# Best way to include a standalone tikz file and scale it without scaling the nodes

Consider something like this:

\documentclass{article}
\usepackage{standalone}
\begin{document}
\includestandalone[scale=2]{myfile}
\includestandalone[scale=1.5]{myfile}
\end{document}


where myfile is a standalone file containing a tikz picture:

\documentclass[tikz]{standalone}

\begin{document}
\begin{tikzpicture}
\draw (0,0) -- (1,0) node[right]{$X$};
\end{tikzpicture}
\end{document}


My problem is, that the scale option scales the whole picture including nodes and the characters like $X$ in my example. What is the best way to change this such that I can scale the picture without scaling the nodes? I.e. the equivalent to the scale option of the tikzpicture environment without the transform shape option?

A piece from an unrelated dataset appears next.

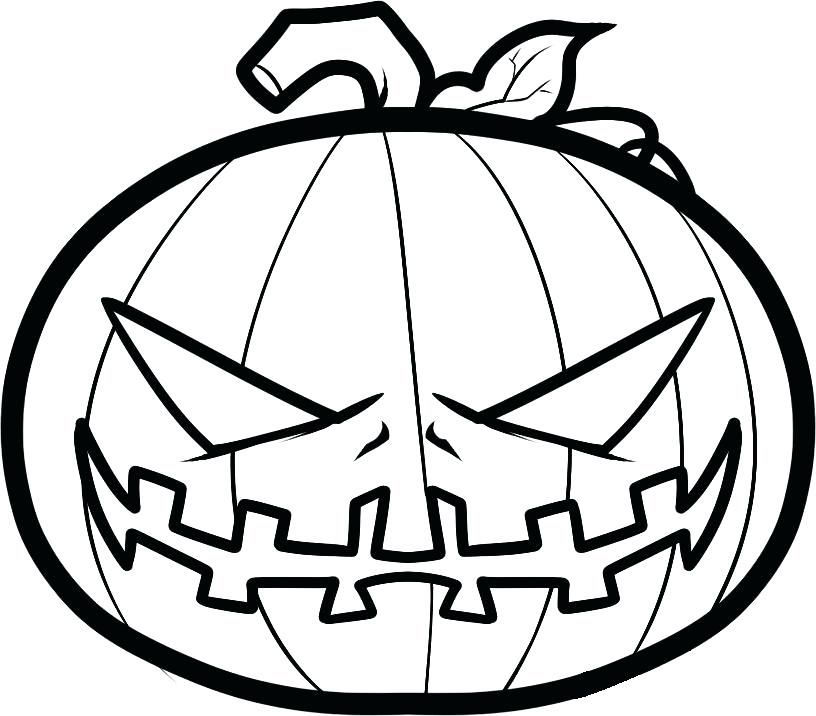 816x716 Pumpkin Coloring Pages Printable Pumpkin Coloring Pages Printable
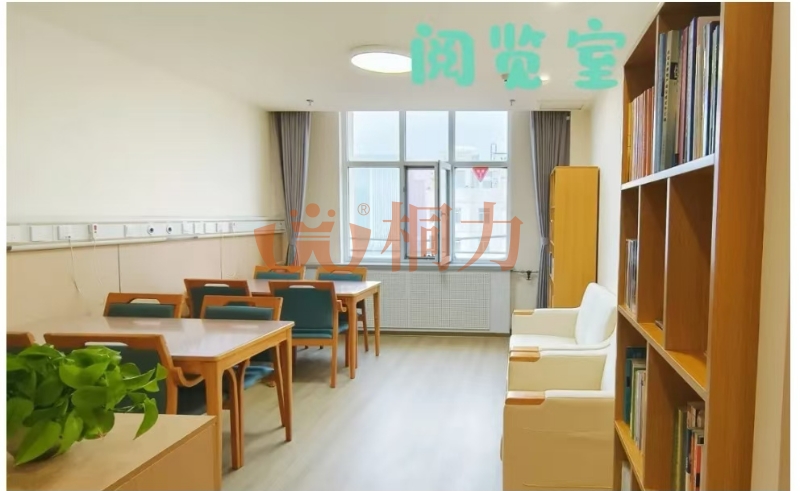 青海省养老服务中心-门徒娱乐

• Can you just put the draw commands in the file? Then you could use \begin{tikzpicture}[scale=2]\input{tikzfile.tex}\end{tikzpicture} – Tom Bombadil Oct 27 '15 at 14:26

Why not something like this?

\newcommand*\MyScale{1}
\tikzset{%
every picture/.style={%
scale=\MyScale,
}
}


This defines a command \Scale which takes a single optional argument. By default, it just sets the scaling to 1. With an argument, it sets it to that value. This is then used at the start of each tikzpicture to scale the picture without, of course, scaling the text and labels.

So you can then say

  \includestandalone{\jobname-tikz}
\Scale[2]
\includestandalone{\jobname-tikz}
\Scale[1.5]
\includestandalone{\jobname-tikz}
\Scale[3]
\includestandalone{\jobname-tikz}
\Scale
\includestandalone{\jobname-tikz}


to produce

I would like this to reset the default scaling each time. However, I can't figure out a straightforward way to do that right now and the feature doesn't seem to be worth the additional hassle involved in using a non-straightforward strategy.

Complete code:

\begin{filecontents}{\jobname-tikz.tex}
\documentclass[tikz]{standalone}
\begin{document}
\begin{tikzpicture}
\draw (0,0) -- (1,0) node[right]{$X$};
\end{tikzpicture}
\end{document}
\end{filecontents}
\documentclass{article}
\usepackage{standalone,tikz}
\newcommand*\MyScale{1}
\tikzset{every picture/.style={scale=\MyScale}}
\begin{document}
\includestandalone{\jobname-tikz}
\Scale[2]
\includestandalone{\jobname-tikz}
\Scale[1.5]
\includestandalone{\jobname-tikz}
\Scale[3]
\includestandalone{\jobname-tikz}
\Scale
\includestandalone{\jobname-tikz}
\end{document}


I would do something like this:

\documentclass[tikz]{standalone}

\def\Scale{3}
\pgfmathparse{1/\Scale}\edef\InvScale{\pgfmathresult}

\begin{document}
\begin{tikzpicture}[scale=\Scale]
\draw (0,0) -- (1,0) node[right]{\scalebox{\InvScale}{$X$}};
\draw (0,-0.25) -- (1,-0.25) node[right,scale=\InvScale]{$X$};
\draw (0,-0.5) -- (1,-0.5) node[right]{$X$};
\end{tikzpicture}
\end{document}


But I am not sure if it works with \includestandalone command.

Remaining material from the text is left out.